受講生それぞれが植えた苗木にネームプレートをつけました。

次に受講生たちは、田辺市上秋津地域で約30種類の柑橘を育てる『十秋園』を訪問。同園の代表で、「たなコトアカデミー」第6期のメンターを務める野久保太一郎さんが有するみかん畑で収穫のお手伝いをしました。

みかんの収穫前には、新たな農業の在り方について知る機会も。同市内でドローンを使った事業を準備中の『尖農園』(とんがりのうえん)の小谷大蔵(だいぞう)さんと、小谷さんが師匠と仰ぎ、同じ和歌山県広川町で農業支援やドローンの事業を行う『寺田』の寺田諭立馨(ゆたか)さんが、ドローンを使って肥料や農薬を散布する方法を説明し、デモンストレーションを見せてくれました。

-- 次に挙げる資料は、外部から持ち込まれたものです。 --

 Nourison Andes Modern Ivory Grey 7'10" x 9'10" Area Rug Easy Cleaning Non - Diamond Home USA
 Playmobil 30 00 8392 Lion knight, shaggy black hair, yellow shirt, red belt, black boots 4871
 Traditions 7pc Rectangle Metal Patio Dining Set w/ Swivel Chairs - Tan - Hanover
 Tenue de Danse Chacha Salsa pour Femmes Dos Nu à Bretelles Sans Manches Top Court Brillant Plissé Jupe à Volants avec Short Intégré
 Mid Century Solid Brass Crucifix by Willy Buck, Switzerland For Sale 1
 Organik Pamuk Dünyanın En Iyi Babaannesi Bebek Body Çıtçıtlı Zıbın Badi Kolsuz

全国的な問題である農家の高齢化。体力の要る作業をドローンに代行させて、農家への負担を減らす提案を行っています。

みかん畑でドローンを実装していただきました。

消毒作業を人が行うと1日3千平方メートルが限界ですが、ドローンの場合は2万から3万平方メートルを行うことが可能です。

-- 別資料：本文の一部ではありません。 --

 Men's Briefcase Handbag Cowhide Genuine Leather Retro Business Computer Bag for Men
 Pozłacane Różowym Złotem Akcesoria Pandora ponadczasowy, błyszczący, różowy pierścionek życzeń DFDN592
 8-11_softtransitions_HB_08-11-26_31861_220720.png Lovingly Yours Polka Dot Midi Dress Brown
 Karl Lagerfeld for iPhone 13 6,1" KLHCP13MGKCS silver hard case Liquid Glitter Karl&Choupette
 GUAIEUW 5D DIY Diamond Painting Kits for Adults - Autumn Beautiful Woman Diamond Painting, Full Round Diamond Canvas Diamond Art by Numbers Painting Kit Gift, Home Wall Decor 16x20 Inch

「作業はカッパを着てマスクをしながらホースを移動させる必要があります。特に夏の暑い時期に消毒を行うとなると、若手の方はまだ頑張れるのですが、高齢になると熱中症で倒れてしまう人も多くいます。そのため、『夏場だけでもどうか』と農家さんに営業をしています」と寺田さんと小谷さんから説明がありました。

農家の課題やその課題に向けた新たな取り組みについて学んだ後は、みかんの収穫を体験。みかんの栽培が盛んな和歌山県のほかの地域と田辺市では収穫する器具や方法が異なることなどを野久保さんから聞き、実際に受講生それぞれがハサミを持ち、脚立を使って高い位置にあるみかんを収穫しました。斜面での作業は体力を要するため、農家さんの大変さを実感する機会となりました。

みかんの収穫を体験。農家さんが作業しやすいように工夫された器具に感激する受講生もいました。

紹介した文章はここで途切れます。